■ Instructions for the task ■
If an entry holds a picture, leave the picture out and copy the rest of the listing exactly.

##### Records for processing

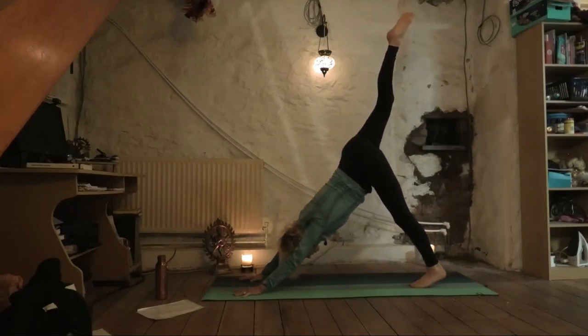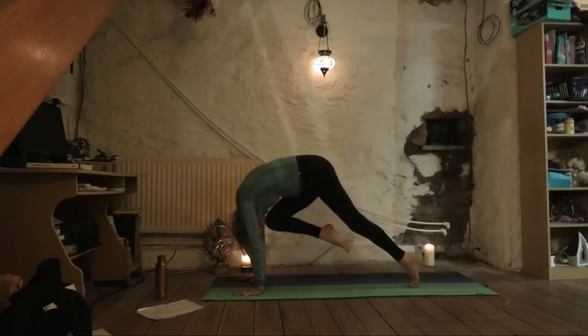Inhale, right leg extends. Exhale, round the spine, knee to neck, hip — a sense that it stays lifted.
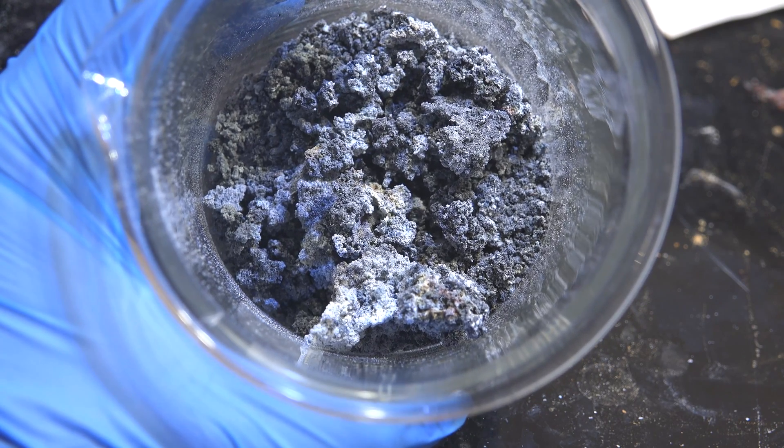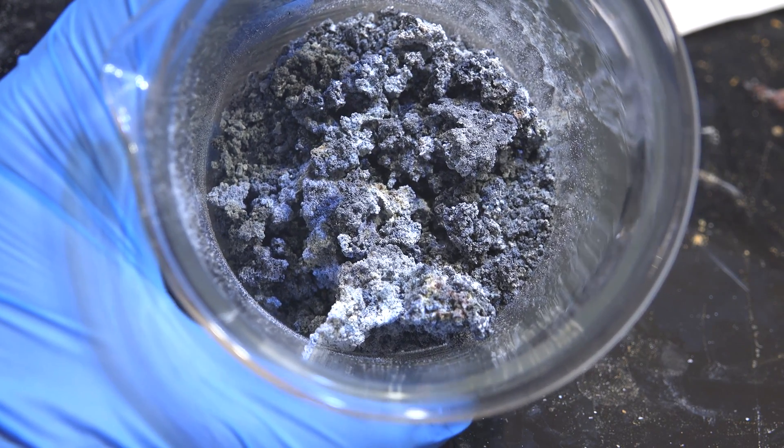I recommend storing it under mineral oil or toluene. Otherwise the activity will rapidly decay until it no longer reacts with water.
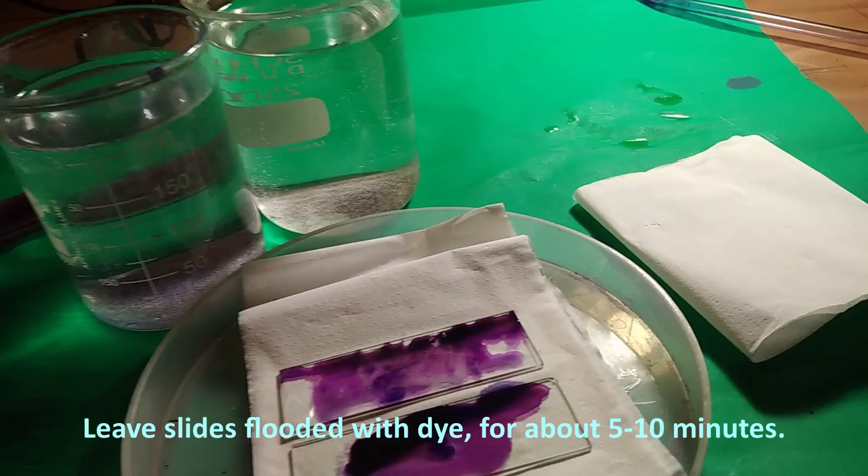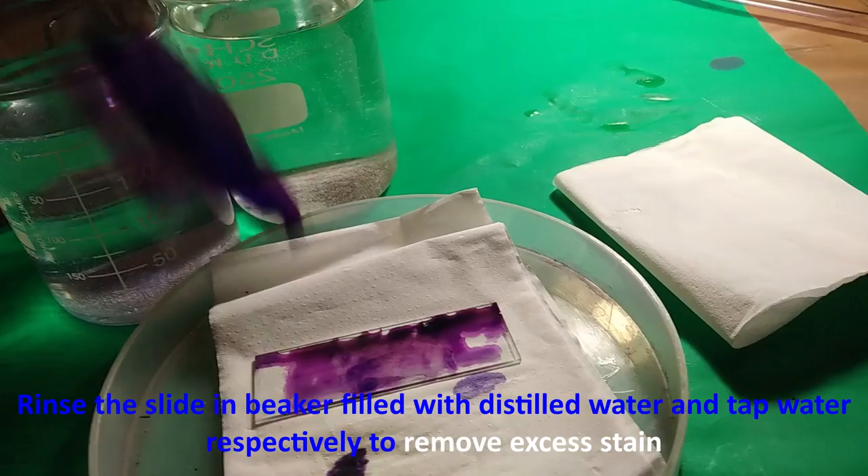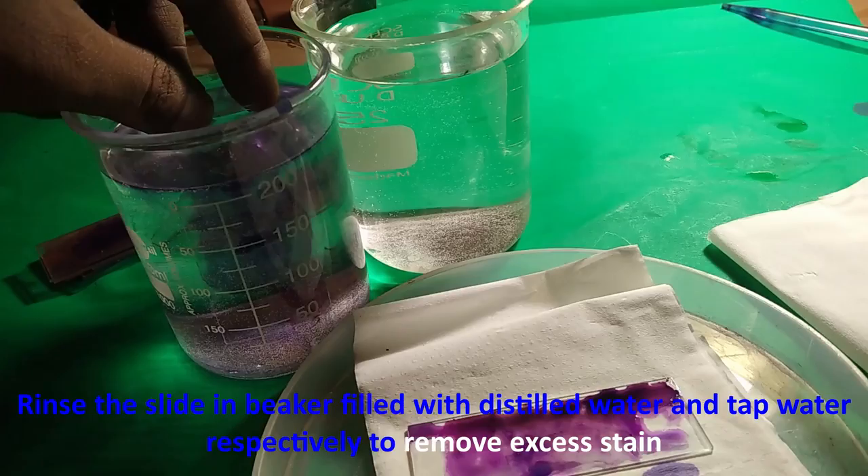Then rinse the slide in a beaker filled with distilled water and tap water, respectively, to remove excess stain.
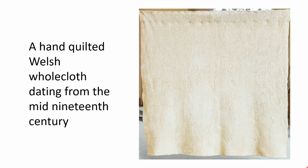Here's a final picture of the whole quilt. I hope this gives you an opportunity to notice all the design features which I've spoken about, and helps you to understand the typical features of a hand-quilted Welsh wholecloth quilt dating from the mid-19th century.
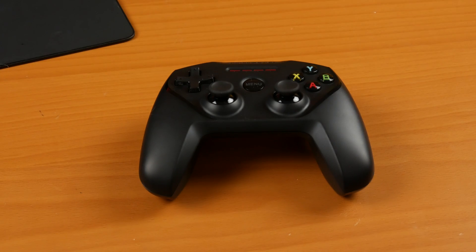Welcome back to the next video in my Using an iPad Pro as a Laptop series. Today we're going to be using the SteelSeries Nimbus controller and Moonlight software to stream games from my gaming computer onto the iPad Pro, and we're going to do that by jumping right into the iPad itself.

##########

■ Completed exercise ■
Inhale, right leg extends. Exhale, round the spine, knee to neck, hip — a sense that it stays lifted.
I recommend storing it under mineral oil or toluene. Otherwise the activity will rapidly decay until it no longer reacts with water.
Then rinse the slide in a beaker filled with distilled water and tap water, respectively, to remove excess stain.
Here's a final picture of the whole quilt. I hope this gives you an opportunity to notice all the design features which I've spoken about, and helps you to understand the typical features of a hand-quilted Welsh wholecloth quilt dating from the mid-19th century.
Welcome back to the next video in my Using an iPad Pro as a Laptop series. Today we're going to be using the SteelSeries Nimbus controller and Moonlight software to stream games from my gaming computer onto the iPad Pro, and we're going to do that by jumping right into the iPad itself.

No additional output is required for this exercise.